Dans un communiqué publié le 26 août 2026, l’Union africaine a appelé à la retenue après des informations faisant état de frappes aériennes le 20 août dans la région de l’Ennedi-Est au Tchad, avertissant que le conflit au Soudan pourrait s’étendre au-delà de ses frontières et entraîner une instabilité régionale plus généralisée.
L’Union africaine a exprimé sa préoccupation face aux frappes aériennes et terrestres signalées dans la province de l’Ennedi-Est, dans l’est du Tchad, mettant en garde contre un éventuel débordement du conflit soudanais. Dans un communiqué publié le 26 août 2026, le président de la Commission de l’Union africaine, Mahmoud Ali Youssouf, a réaffirmé la nécessité de respecter la souveraineté et l’intégrité territoriale des États africains. Il a appelé toutes les parties à faire preuve de la plus grande retenue, à éviter toute action susceptible d’attiser les tensions et à empêcher le conflit soudanais de s’étendre au-delà des frontières du pays.
Les déclarations du Président de la Commission de l’Union africaine Mahmoud Ali Youssouf ont le mérite d’exister. Mais faire des déclarations seules ne suffit pas, il faudrait passer aussi aux actes. Et les actes consistent à mettre à contribution l’organe de résolution des différends de l’Union africaine pour trouver une solution africaine à ces problèmes africains.

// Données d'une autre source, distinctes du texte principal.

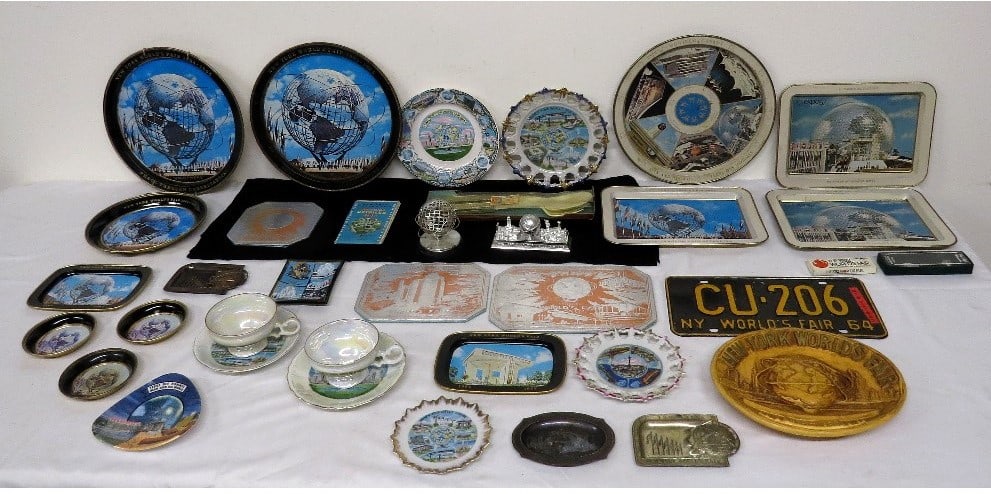 1964-65 to 1982 Worlds Fair Souvenir Lot (1 of 12)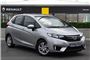 2016 Honda Jazz 1.3 SE 5dr CVT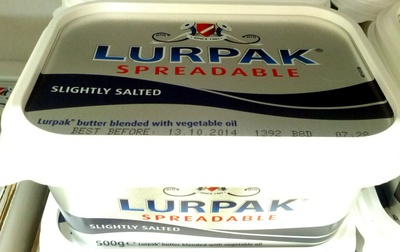 Lurpak Spreadable Slightly Salted - 5740900805408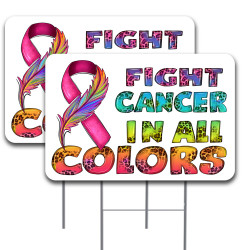 Fight Cancer In All Colors...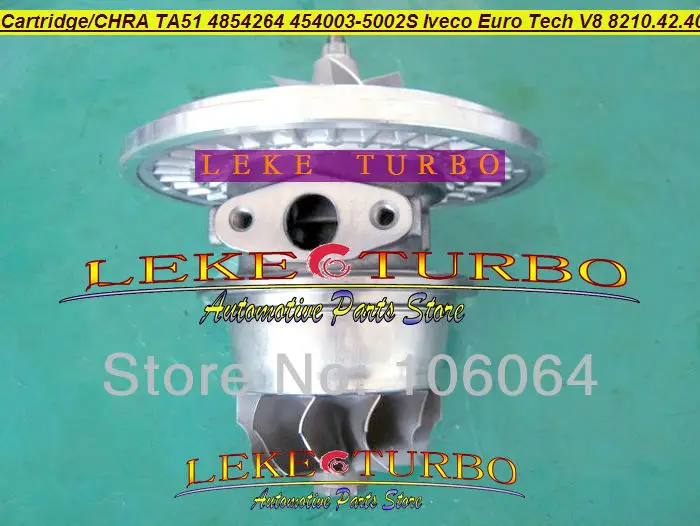 Турбокартридж CHRA Core TA5126 4854264 454003 0002 5002S Турбокомпрессор для IVECO Euro Tech V8 8210.42.400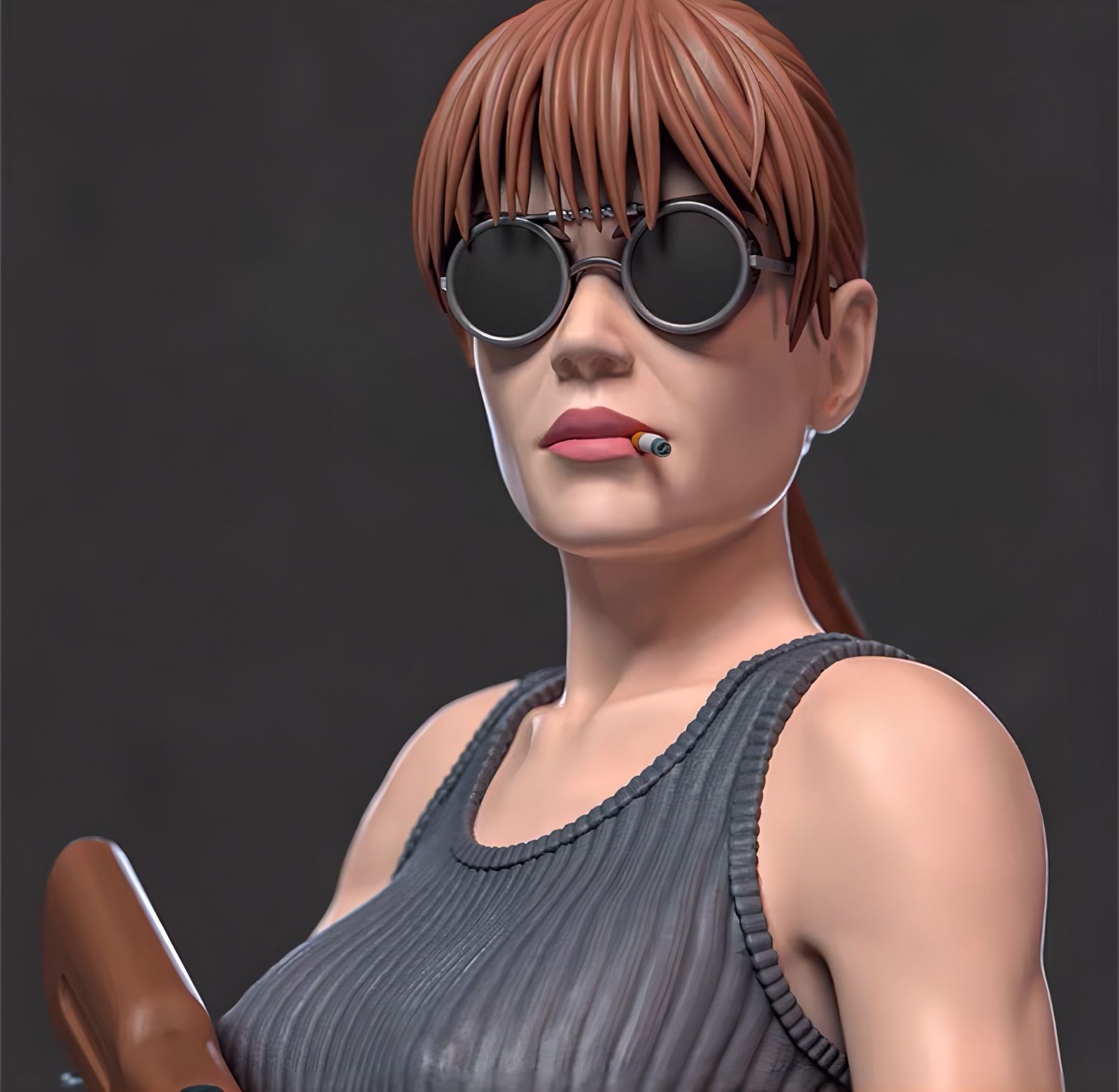 1/6 ガレージキット フィギュア 未塗装 ターミネーター サラ・コナー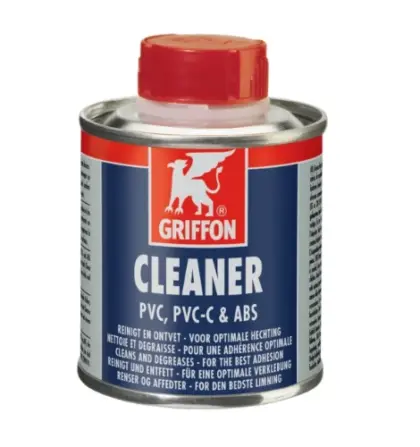 Griffon cleaner voor PVC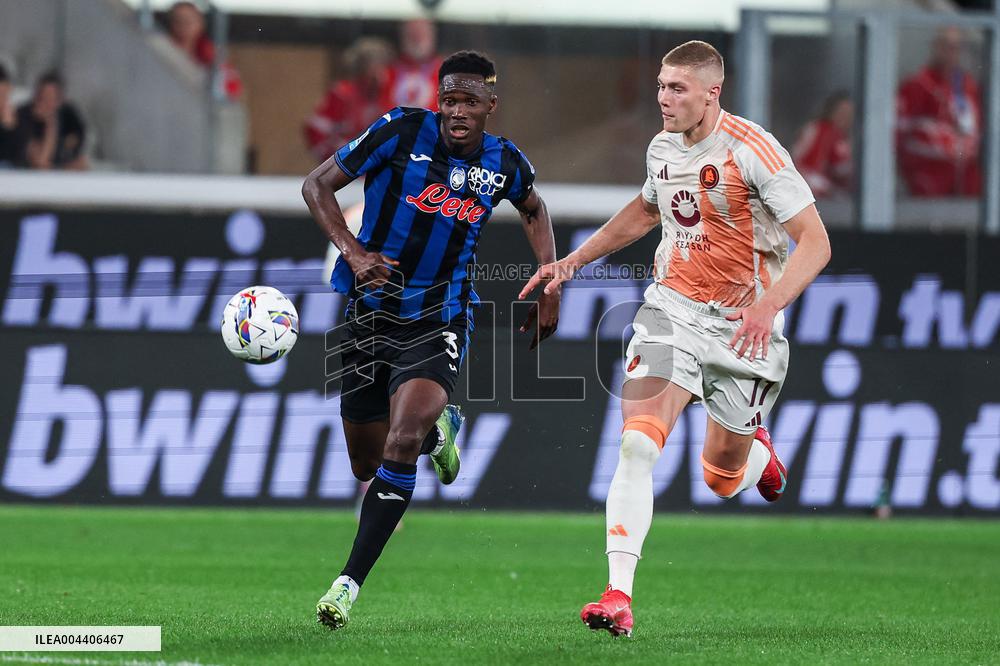 CALCIO - Serie A - Atalanta BC vs AS Roma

Kerwin Mayizo, Analyste Politique
Les frappes auraient eu lieu le 20 août, à l’intérieur du territoire tchadien, à proximité de la frontière soudanaise. À la suite de vérifications aériennes et terrestres effectuées le lendemain, l’armée tchadienne affirme avoir établi que les parties belligérantes au Soudan avaient, une nouvelle fois, débordé sur le territoire tchadien. Les autorités tchadiennes accusent des aéronefs militaires et des drones soudanais d’avoir poursuivi et bombardé un convoi à plus de 100 kilomètres à l’intérieur du pays, qualifiant l’incident de violation de la souveraineté nationale. Les autorités de N’Djamena ont ensuite placé leurs forces en état d’alerte renforcé et se sont réservé le droit de défendre l’intégrité territoriale du pays.
Après ces déclarations, le Président de la Commission de l’Union africaine doit se mettre au travail pour mettre à contribution rapidement et concrètement l’organe de paix et de sécurité de l’Union africaine pour éviter que ces conflits, qui sont extrêmement meurtriers et qui se déroulent en Afrique de l’Est, ne puissent faire la jonction avec le Tchad, un pays de l’Afrique centrale, région en proie déjà à un conflit entre le Rwanda et le Congo qui relie par la région de Grand Lac l’Afrique centrale et l’Afrique de l’Est .
Kerwin Mayizo, Analyste Politique
L’incident ravive les craintes d’une crise régionale plus large, alors que la guerre au Soudan continue de déstabiliser les zones voisines. L’Union africaine appelle à renforcer le dialogue et la coopération sécuritaire régionale afin de prévenir de nouveaux incidents transfrontaliers et de réduire les risques d’escalade. Si de telles attaques persistent, la frontière entre le Tchad et le Soudan pourrait devenir un nouveau foyer de tension, entraînant davantage les pays voisins dans le conflit et menaçant la paix et la stabilité régionales.